Torbay is a small township in the Great Southern region of Western Australia, 25 kilometres west of Albany. There is a crater on Mars named after it. The town is named after a bay on the coast that is south of the town, believed to be named by Governor James Stirling in 1831 after Torbay in Devon. The area was initially utilised for its timber and had a number of sawmills operating close by; in 1889 a railway was constructed and one of the stations was named Torbay. By 1889 most of the timber had been felled and removed and the government acquired the land from owner Millars Karri and Jarrah Forests Limited. The land was subdivided and sold for agricultural purposes in 1900 but some was set aside for a townsite. The town of Torbay was gazetted in 1910. Industries in the area include dairy farming, beef cattle, some specialist horticulture and arts and crafts, along with rural businesses that service farmers (mechanics, lime supply, machinery and labour hire etc.). There is a regular market at the Torbay Hall. Torbay has an active Bush Fire Brigade unit, located also by the Torbay Hall. Children in the area usually attend schools in Albany, travelling there on regular school bus routes. There is a postal mail service to the area, delivered from Albany directly to driveway mailboxes three times a week. The postcode for Torbay is 6330.
The Torbay area is in the eastern fringe of the karri forest region, and several farms have notable blocks of remnant tall forest. Large granite outcrops are also common. Beaches on the bay tend towards fine white sand. Where streams occur, they are often clear but dark brown in colour from high-tannin-content vegetation.

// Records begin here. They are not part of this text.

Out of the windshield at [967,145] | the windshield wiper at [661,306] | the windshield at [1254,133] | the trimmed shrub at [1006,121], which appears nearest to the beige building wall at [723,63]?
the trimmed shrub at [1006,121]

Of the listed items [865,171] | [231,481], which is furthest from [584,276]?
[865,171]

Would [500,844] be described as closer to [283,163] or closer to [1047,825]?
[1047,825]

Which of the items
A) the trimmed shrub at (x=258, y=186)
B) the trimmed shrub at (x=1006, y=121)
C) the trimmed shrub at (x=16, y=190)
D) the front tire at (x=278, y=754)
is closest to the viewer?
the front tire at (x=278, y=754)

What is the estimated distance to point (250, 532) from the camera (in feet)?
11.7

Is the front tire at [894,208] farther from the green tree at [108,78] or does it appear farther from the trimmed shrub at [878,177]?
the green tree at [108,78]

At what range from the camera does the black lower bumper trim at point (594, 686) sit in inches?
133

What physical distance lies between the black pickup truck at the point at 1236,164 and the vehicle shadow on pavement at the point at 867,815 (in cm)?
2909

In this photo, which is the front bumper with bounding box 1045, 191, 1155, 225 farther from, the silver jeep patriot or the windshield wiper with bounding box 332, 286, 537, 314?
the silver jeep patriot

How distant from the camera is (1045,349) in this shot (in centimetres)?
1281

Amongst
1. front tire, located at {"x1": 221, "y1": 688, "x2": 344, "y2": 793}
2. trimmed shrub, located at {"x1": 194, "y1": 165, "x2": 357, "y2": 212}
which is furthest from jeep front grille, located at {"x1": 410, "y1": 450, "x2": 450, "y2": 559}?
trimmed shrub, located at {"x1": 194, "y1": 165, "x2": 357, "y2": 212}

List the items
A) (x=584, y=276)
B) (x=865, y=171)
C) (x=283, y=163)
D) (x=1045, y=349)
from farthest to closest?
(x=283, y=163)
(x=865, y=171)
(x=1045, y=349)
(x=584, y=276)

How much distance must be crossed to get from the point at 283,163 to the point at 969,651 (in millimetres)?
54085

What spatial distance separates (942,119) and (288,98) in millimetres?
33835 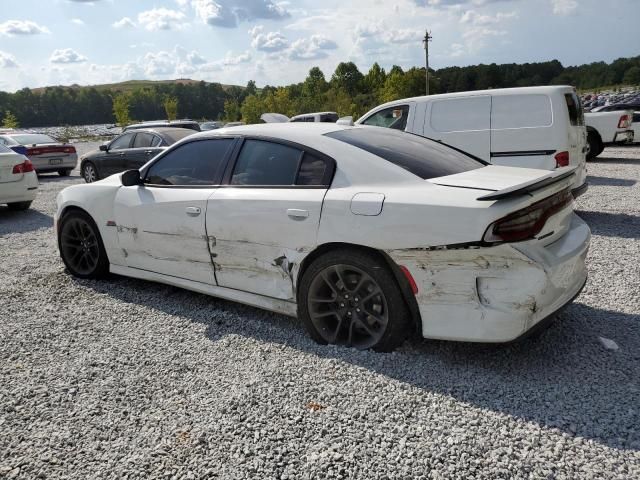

The bay also called Torbay is located between the West Cape Howe National Park (where there is a point named Torbay Head) - and the Torndirrup National Park. Popular beaches on the bay include Perkins Beach, Torbay Inlet and Cosy Corner. Cosy Corner is the most well known, a popular family beach with picnic facilities and a nearby store. Children's swimming lessons are held there in summertime. These beaches are all accessible by normal car, and there are more beaches that are 4WD access only. The Bibbulmun Track passes around the edge of the bay, coming down long steps from the steep hills above Cosy Corner and following the beach around the curve of the bay and across Torbay Inlet to near Muttonbird Island.